Climb slopes dense with creeper-festooned trees on the track of Mountain gorillas, golden monkeys and forest birds.


Bwindi Impenetrable Forest National Park is the centre of the gorilla trekking in Uganda. However the number of visitors are drastically limited to avoid too much disruption and over-habituation. Booking a year ahead is quite the norm. Mountain gorillas, chimpanzees, black and white colombos monkeys and golden monkeys are all found here as well as 23 endemic bird species.

The south-west corner of Uganda is one of the most rewarding safari destinations from an eco-tourism perspective. The local communities around Mgahinga National Park and Bwindi National Park benefit hugely from visitors who come to walk with local guides in search of the gorillas and other primates. This in turn helps to preserve the fragile ancient rainforest habitats of Uganda.

Bwindi Impenetrable Forest National Park

Bwindi Impenetrable Forest National Park (the official longer name) is as thickly vegetated and mysterious as its name suggests. The dense undergrowth of the valley floor is eerily quiet until your steps disturb the smells and sounds of ancient Africa. Bwindi is a suitably evocative location for gorilla trekking but it also provides refuge to elephant, chimpanzees, monkeys, bush pig, giant forest hog and various small antelope. This is where the lowland and montane communities merge, so the floral diversity is especially rich. Bwindi is also home to over 200 butterfly species and over 340 species of birds.
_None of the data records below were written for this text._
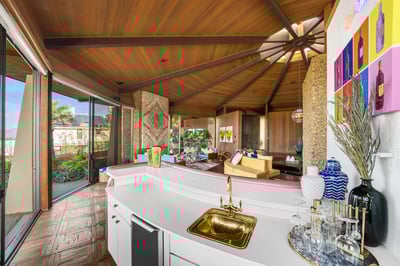 Luxury Villa Photo #17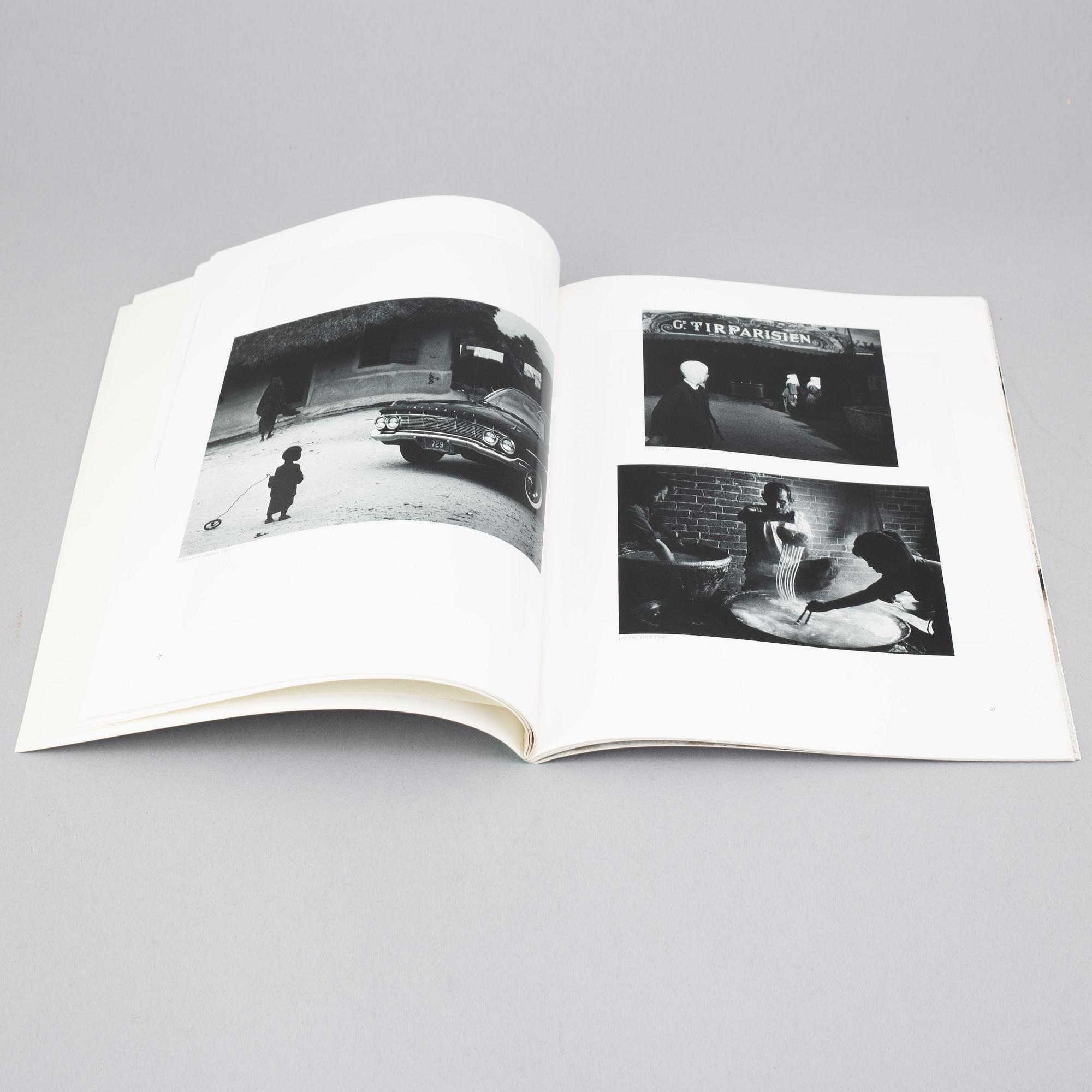 Tiofoto, 2 böcker samt 4 kataloger, några med dedikation.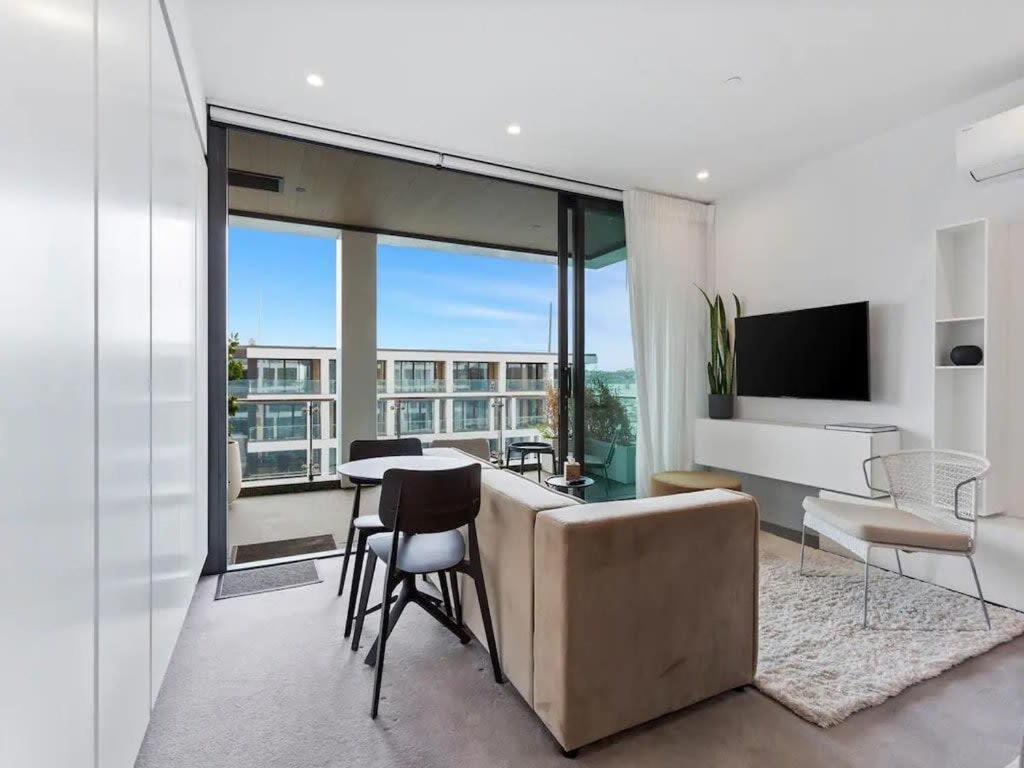 Sleek Modern Studio With Balcony Auckland Eksteriør billede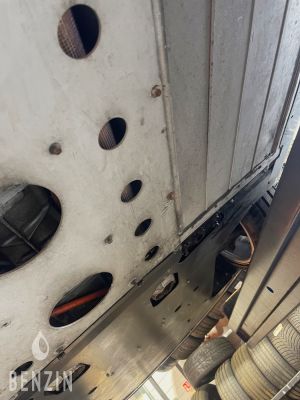 Aston Martin Vanquish - 2003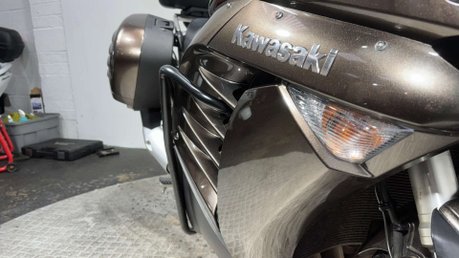 Kawasaki GTR 1400 2011 ONLY 12K FULL LUGGAGE VERY CLEAN 1400CC TOURER BIKE 32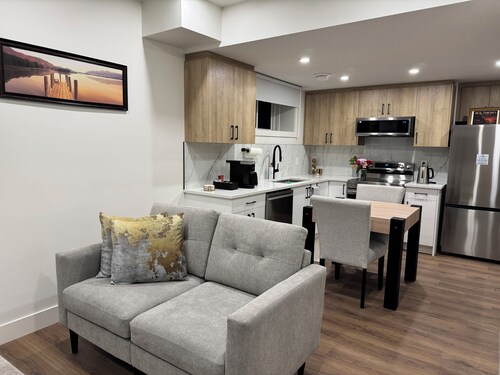 Modern | Quiet | Cozy 2BR Retreat in Fenwyck Spruce Grove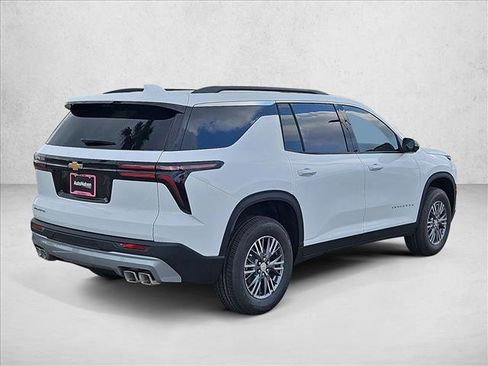 New 2026 Chevrolet Traverse LT w/ Driver Confidence Package image 2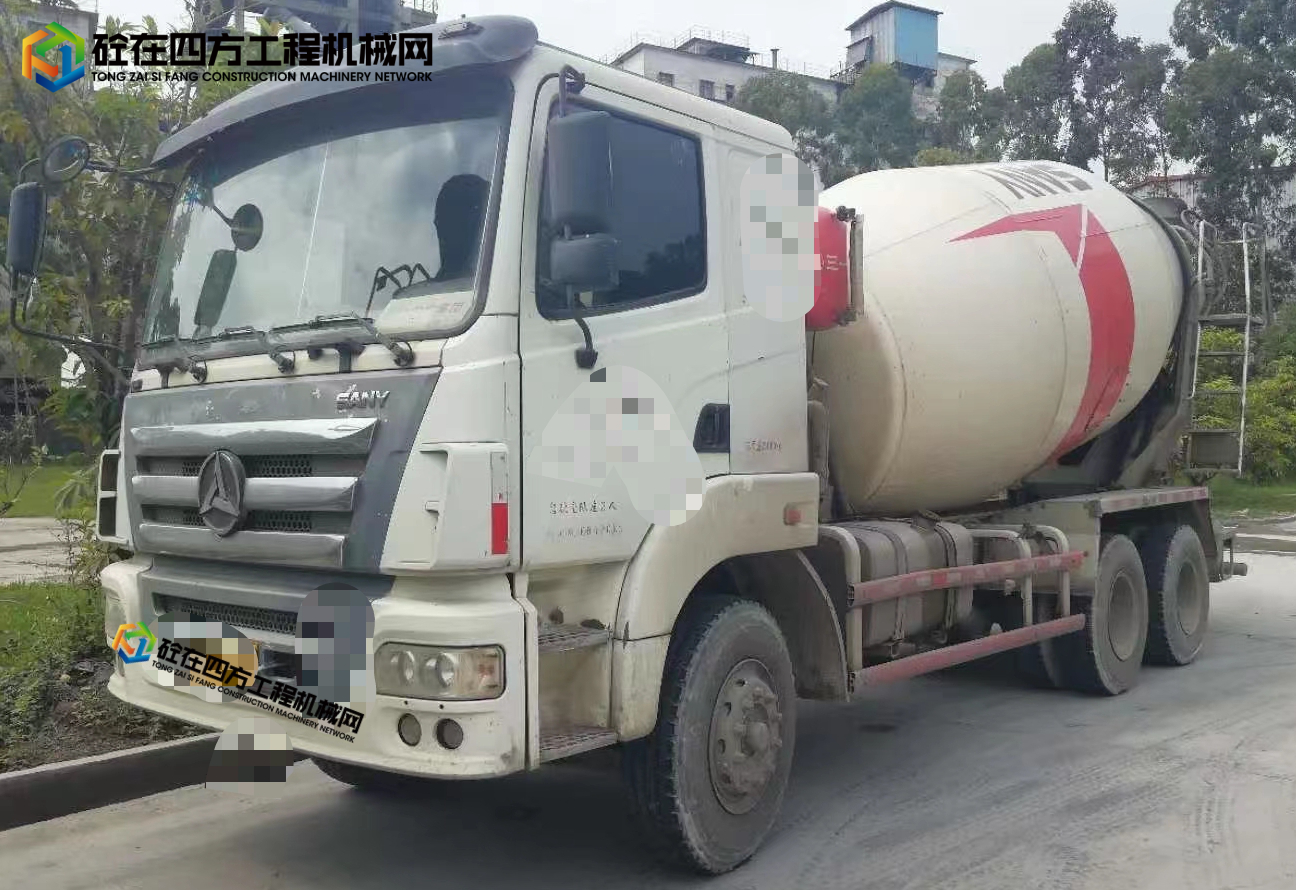 https://images.tongzsf.com/tong/truck_machine/20211015/161695a3d5cde4.jpg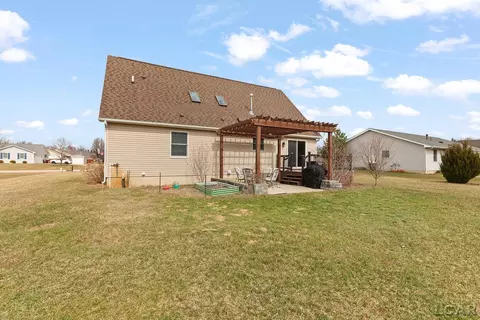Exterior - 3114 Cobblestone, Tecumseh, MI 49286 photo 9 of 12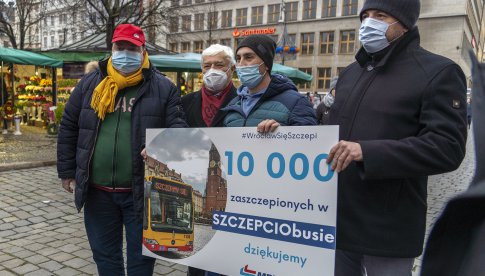 Ponad 10 000 zaszczepionych we wrocławskim SZCZEPCIObusie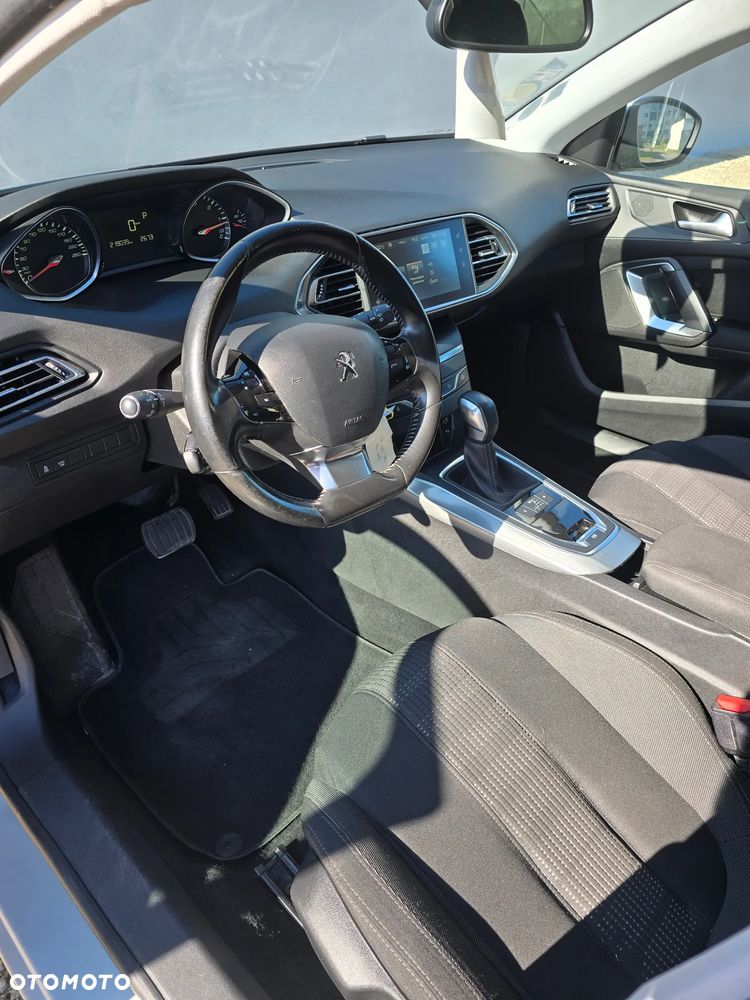 Peugeot 308 - 16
Uganda or Rwanda for gorilla tracking?

Gorilla trekking in Bwindi National Park on a gorilla safari will typically entail a fair bit of strenuous climbing through thick rainforest. It will appeal most to those who want to get an enveloping sense of the whole ecosystem and are less bothered by the physical challenge. Indeed, for some people the adventurous terrain adds to the excitement of the whole experience. As a general rule, the trekking time it takes to reach ‘your’ allocated family group is generally a bit longer in Uganda than Rwanda. If you are looking to combine gorilla tracking with visits to other national parks, then Uganda has many more well-developed wildlife parks with a good infrastructure.